Once released to commercial interests, the Internet became the springboard for a dizzying array of applications that were not envisioned by the sponsoring government agencies.
Both government-based and market-oriented strategies for innovation have contributed to the creation of the modern commercial internet. In Nurturing the Accumulation of Innovations: Lessons from the Internet (NBER Working Paper No. 15905), Shane Greenstein uses the example of the creation of the internet to analyze the strengths and weaknesses of two distinct ways of organizing a long-term program for accumulating innovation. One approach, which characterized the early development of the internet, relies on autonomous research institutions ("skunk works") to organize and nurture innovators. The other, which has applied more recently, relies on commercial markets to aggregate dispersed initiatives from a wide array of entrepreneurial participants.
The "skunk works" approach runs the risk that innovation will veer into areas where there is no demand, and thus no economic value. The pre-commercial Internet avoided some of those dangers because the participants in that phase of the internet assessed value from their own experiences. Their managers, in turn, nurtured them and permitted experimentation to blossom -- leading to useful and innovative applications, such as e-mail and packet switching.
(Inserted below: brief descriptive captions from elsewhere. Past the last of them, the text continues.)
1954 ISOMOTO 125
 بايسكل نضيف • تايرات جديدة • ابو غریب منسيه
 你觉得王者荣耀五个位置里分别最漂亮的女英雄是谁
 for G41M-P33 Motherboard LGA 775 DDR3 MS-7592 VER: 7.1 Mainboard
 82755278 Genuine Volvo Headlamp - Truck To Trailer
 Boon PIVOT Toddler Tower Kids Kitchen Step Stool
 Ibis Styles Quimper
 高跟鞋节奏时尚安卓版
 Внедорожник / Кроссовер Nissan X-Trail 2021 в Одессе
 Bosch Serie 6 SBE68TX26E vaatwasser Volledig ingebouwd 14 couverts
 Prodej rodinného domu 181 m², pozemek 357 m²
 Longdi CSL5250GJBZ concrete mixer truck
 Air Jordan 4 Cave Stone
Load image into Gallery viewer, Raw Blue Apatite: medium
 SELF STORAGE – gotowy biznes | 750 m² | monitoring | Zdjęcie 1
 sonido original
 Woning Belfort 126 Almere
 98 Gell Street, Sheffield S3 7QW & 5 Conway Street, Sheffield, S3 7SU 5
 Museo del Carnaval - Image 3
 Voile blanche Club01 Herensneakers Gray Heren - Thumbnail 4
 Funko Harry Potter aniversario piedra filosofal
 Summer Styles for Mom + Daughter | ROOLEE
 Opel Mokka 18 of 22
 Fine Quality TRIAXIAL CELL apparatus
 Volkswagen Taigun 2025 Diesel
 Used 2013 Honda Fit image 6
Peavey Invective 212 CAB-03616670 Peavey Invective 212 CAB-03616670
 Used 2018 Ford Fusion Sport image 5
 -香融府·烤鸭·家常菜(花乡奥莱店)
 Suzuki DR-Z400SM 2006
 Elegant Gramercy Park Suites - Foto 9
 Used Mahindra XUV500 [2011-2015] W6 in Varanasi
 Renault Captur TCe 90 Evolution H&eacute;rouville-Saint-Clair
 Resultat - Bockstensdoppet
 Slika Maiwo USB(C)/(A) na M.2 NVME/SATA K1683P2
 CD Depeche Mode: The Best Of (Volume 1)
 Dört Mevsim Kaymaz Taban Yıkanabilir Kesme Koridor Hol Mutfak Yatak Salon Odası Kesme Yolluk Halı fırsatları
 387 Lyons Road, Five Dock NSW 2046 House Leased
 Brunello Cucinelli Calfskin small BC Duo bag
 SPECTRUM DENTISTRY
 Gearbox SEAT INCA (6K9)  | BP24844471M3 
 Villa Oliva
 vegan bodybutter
In addition, the Department of Defense and the National Science Foundation (NSF) played a pivotal role as "demanders" for innovation. Their substantial funding of research institutions, and their distributed investments to universities, supported the innovative activity that led to the breakthrough technologies that underlie today's Internet. This "skunk works" approach, however, restricted participation and truncated experimentation by excluding innovation along lines that did not support the "acceptable use" requirements of the government agencies. Such restrictions limited learning to an artificially narrow range of issues, and left a wide array of other applications untouched.
In contrast to the early "skunk works" days, the more recent commercial era of the Internet has played to the strength of market-based innovation. It has permitted decentralized exploration from commercial firms facing a wide array of incentives and a wide variety of circumstances. Once released to commercial interests, the Internet became the springboard for a dizzying array of applications that were not envisioned by the sponsoring government agencies. These applications include the World Wide Web and its associated browsing technology.